Financial Engines, the nation’s largest independent registered investment advisor, is now delivering online managed account services to more than 9 million participants in more than 600 defined contribution plans, with total in-plan assets exceeding $1 trillion.
The Sunnyvale, California-based company, which began offering managed account options to plan sponsors in 2004, now has a presence in 144 of the Fortune 500’s defined contribution plans.
“Companies hire us for the retirement results we provide employees, our non-conflicted advice, and our deep integration with the nation’s leading recordkeepers,” Lawrence Raffone, president and CEO of Financial Engines, said in announcing the milestone.
Raffone replaced Jeffrey Maggioncalda as CEO last year. Maggioncalda founded the company with William Sharpe, a noble laureate.
According to the Plan Sponsor Council of America, 36 percent of employers offered managed accounts in 2012, up from 25 percent in 2005.
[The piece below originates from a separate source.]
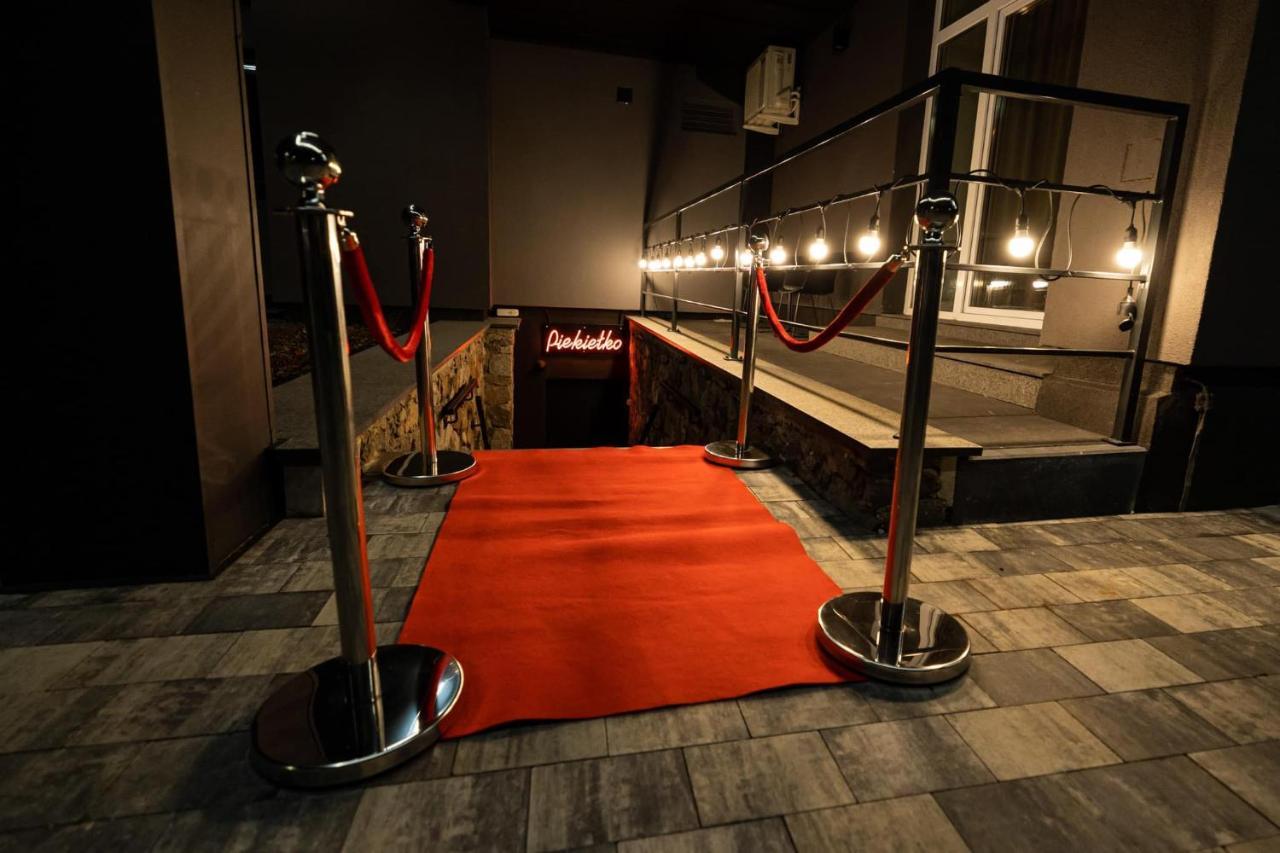 Lofft Hotel Ciechanów エクステリア 写真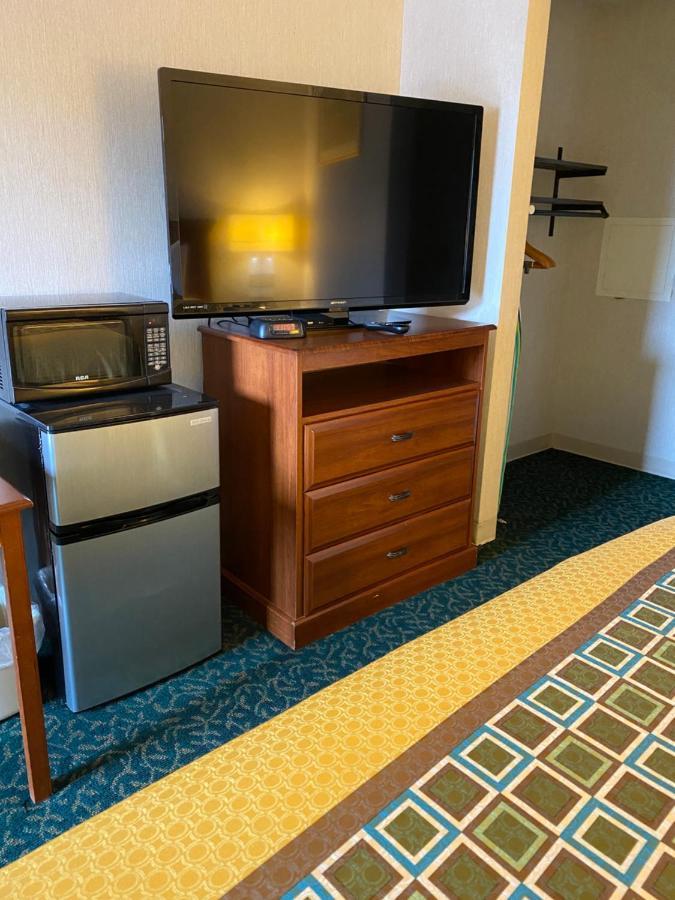 Harrisonville Inn & Suites Ngoại thất bức ảnh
Questions over the value of managed accounts were raised in a Government Accountability Office report last year, which examined the costs of the eight largest providers of managed accounts, though it never identified them.
The GAO said it found a wide variance in the fees the providers charge, ranging between $8 and $100 on every $10,000 of participant assets. Also, some providers were found to have inadequate fee disclosures and benchmarking for participants, factors that ultimately could create fiduciary liability for sponsors.
In an interview with BenefitsPro after the GAO released its report last year, David Weiskopf, a senior director of communications with Financial Engines, said the company was “absolutely confident in the value we provide sponsors and their enrollees, and we know we’re delivering it at a fair price.”
On average, Financial Engines account holders pay about 40 basis points in fees, Weiskopf said.
According to research conducted by Financial Engines and Aon Hewitt in 2014, participants that used managed accounts saw a 3.32 percent median increase in annual returns, net of fees, compared to participants working without guidance.